Here is where the church finds our vocation. God is working to repair the human family. To reconcile the world to Godself, as Paul puts it. God is putting the family back together. God is bringing back together children who have strayed far from home and siblings who have disowned them. God is bringing back together people in our city, people in our world so long divided that they don’t even realize they’re part of the same blessed family. God’s love and forgiveness is hard at work in the world putting the family back together and we are invited to join the feast no matter who we are, what we’ve done, how badly we’ve failed, how divided we are from ourselves or each other. God is putting the family back together and will sacrifice whatever God needs to sacrifice, will give whatever needs to be given, will suffer whatever needs to be suffered to make this happen.

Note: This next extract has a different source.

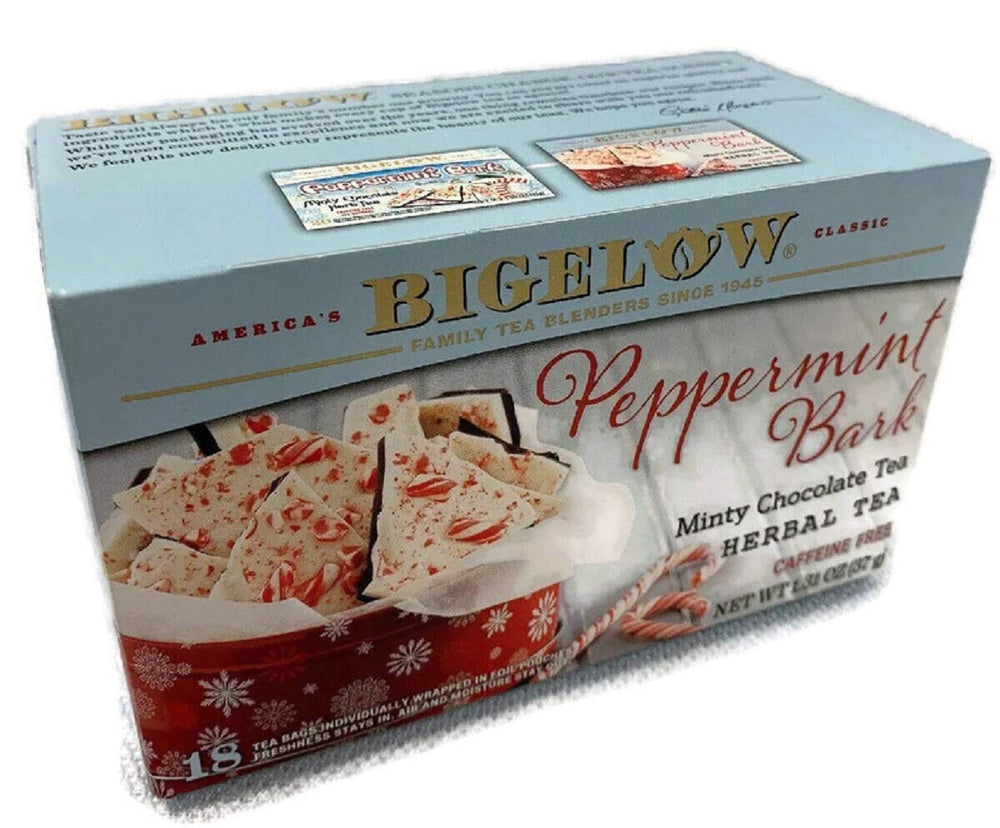 Bigelow Peppermint Bark Mint Chocolate pack on shelf—giftable cozy treat.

We were approaching our destination so the Uber driver lobbed a final question my way. “So what if I lived a really bad life,” he said, “did horrible things, then on my death bed, right before I took my last breath, I told God I believed? Would I get to go to heaven then?”

“I’m pretty sure God can decide whether or not somebody’s sincere,” I said. “It’s not some game we can manipulate. It’s about the very heart of God – who God is. And who God is offensive to our notions of what’s fair. Bottom line – your future is not in your hands and neither is mine. And that’s good news. Because I trust God way more than I trust some TV preacher who raises $65 million for his own jet. And you should trust God way more than some off-the-clock Presbyterian pastor you picked up on a Tuesday night.

God’s grace is embarrassingly naïve, this God who eats with sinners and welcomes them. This God who welcomes the prodigal home before he deserves it. This God who won’t let a son forget his brother. This God who is reconciling the whole world to Godself one child at a time, one cross at a time, one relationship at a time. God’s grace is extremely undignified, embarrassingly naïve, a fact the Uber driver could plainly see.

 

[1] The Greek word translated here as “compassion,” is splagchnizomai, which comes from the word that means “the inward parts” – the guts. The Greeks thought that these inward parts represented the seat of the more violent passions such as anger and love. But the Hebrews referred to them as the seat of the tenderer affections such as kindness, benevolence, and compassion.

[2] Eugene Boring and Fred Craddock, The People’s New Testament Commentary, (Louisville: Westminster John Knox Press), 2004, p. 24.